*How to complete this task*: In the records below, find the line containing "Close-up of multi-layer" and the line containing "Royalty Free Photo". Give again exactly those lines and every line between them, omitting the pictures.

BEGIN Information

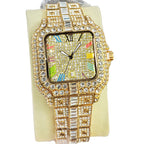 Luxury gold watch with gemstones on a light background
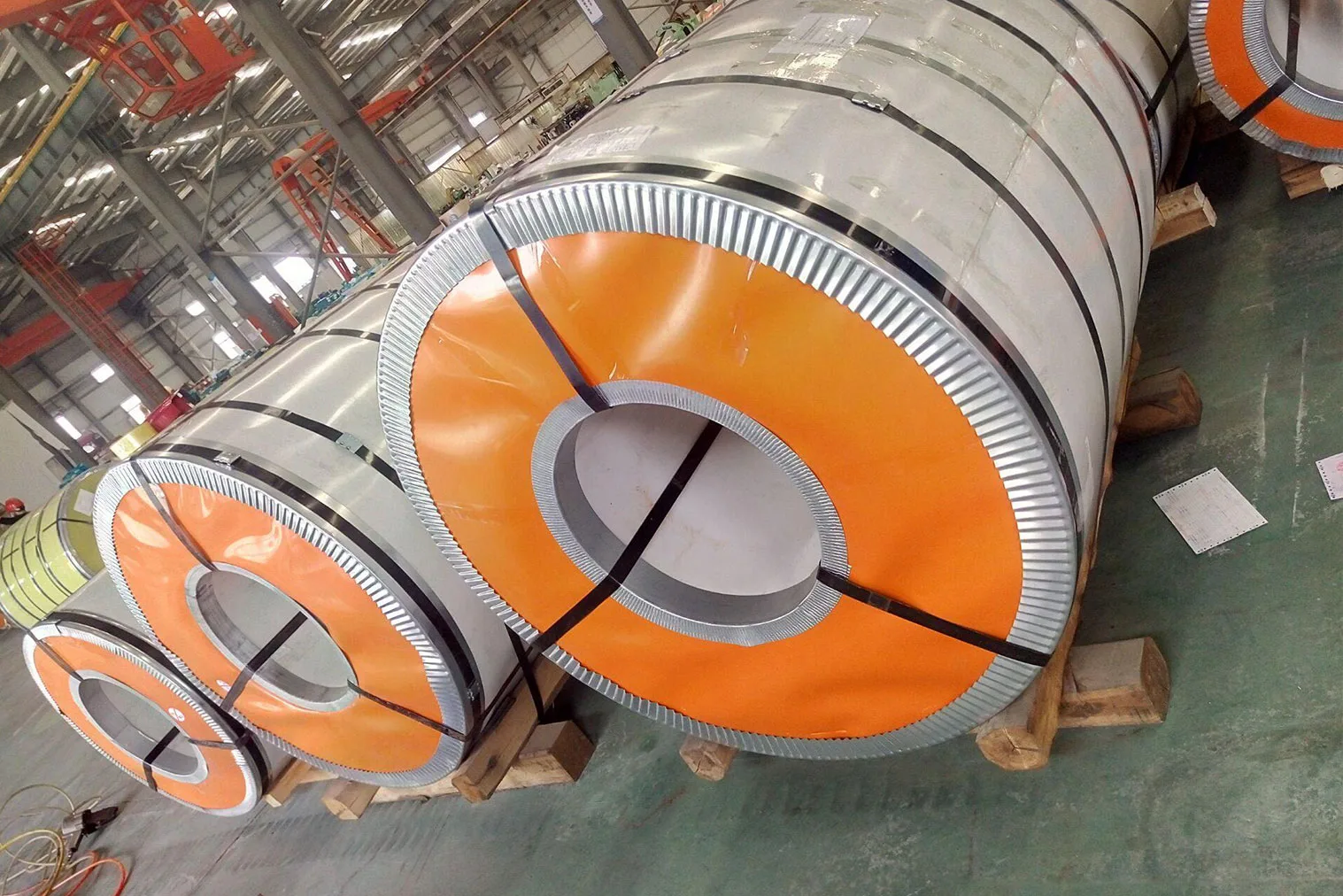 Close-up of multi-layer protective wrapping and strapping used in export steel coil packaging.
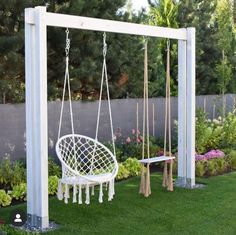 a white swing chair sitting on top of a lush green field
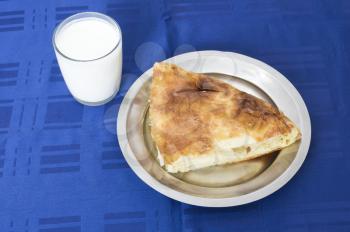 Royalty Free Photo of Burek and a Cup of Yoghurt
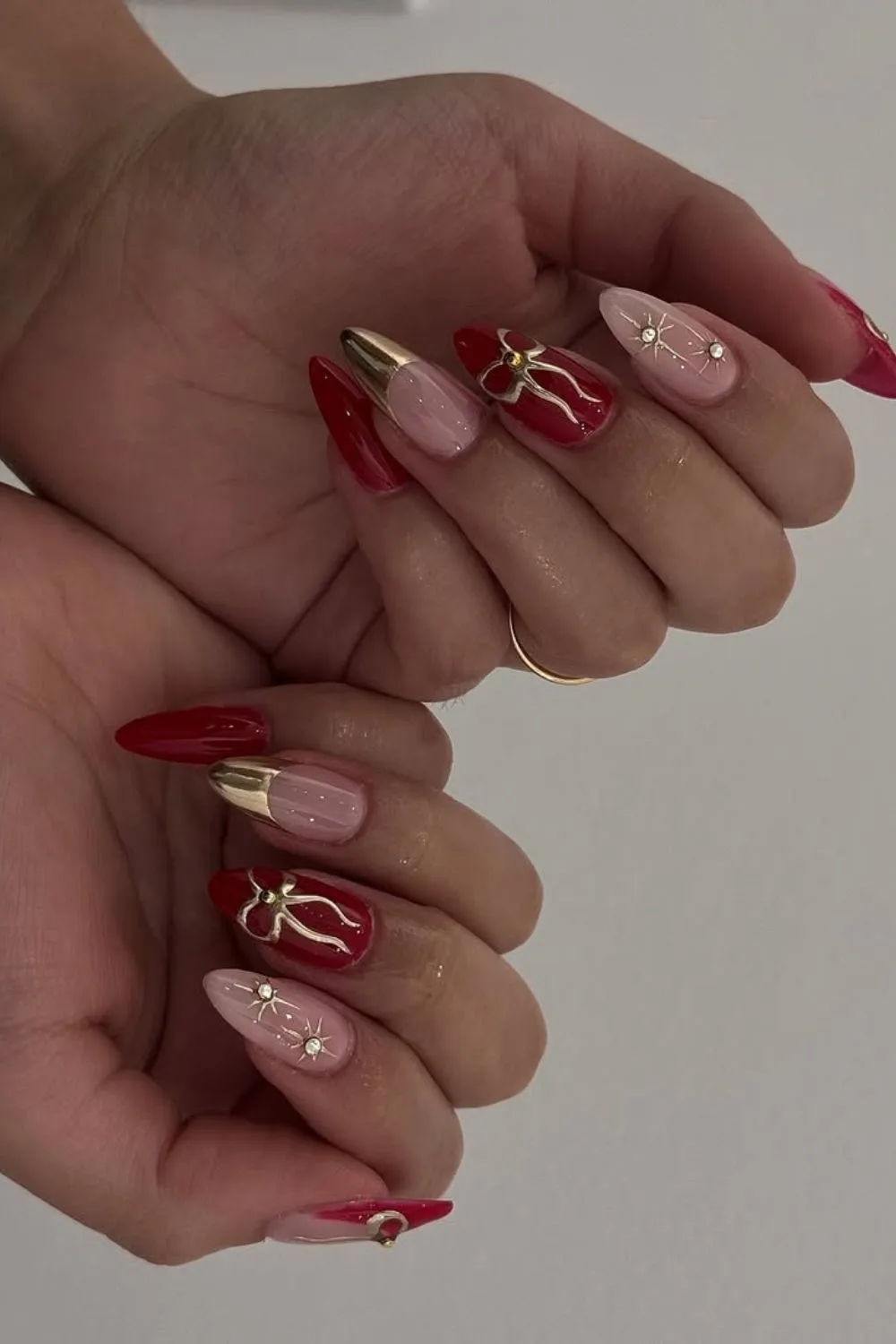 Solid red nails with chrome French tips and bow details and gold celestial rhinestone details on accent nails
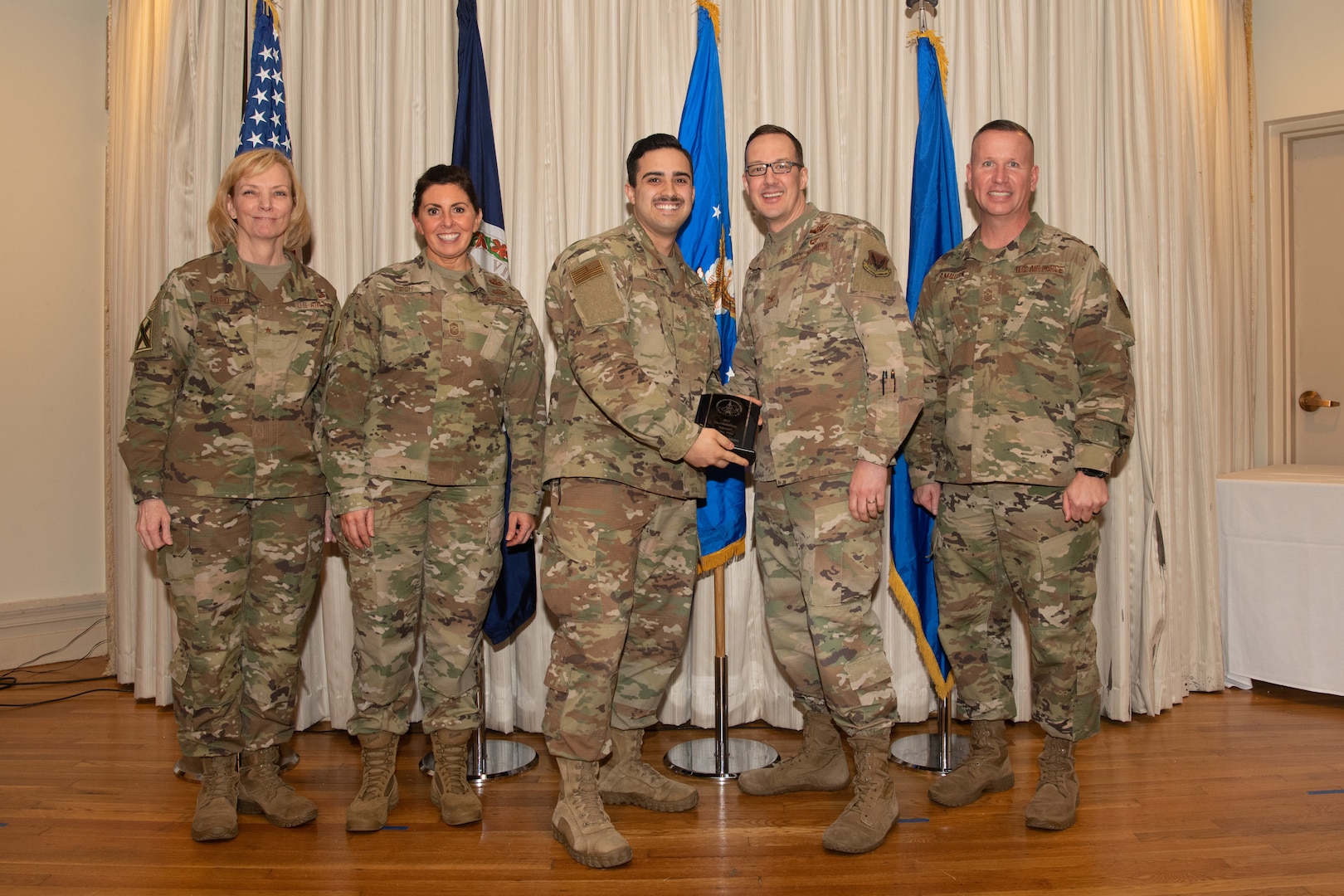 Airmen on a stage pose for a photo with award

END Information

*Exercise solution*:
 Close-up of multi-layer protective wrapping and strapping used in export steel coil packaging.
 a white swing chair sitting on top of a lush green field
 Royalty Free Photo of Burek and a Cup of Yoghurt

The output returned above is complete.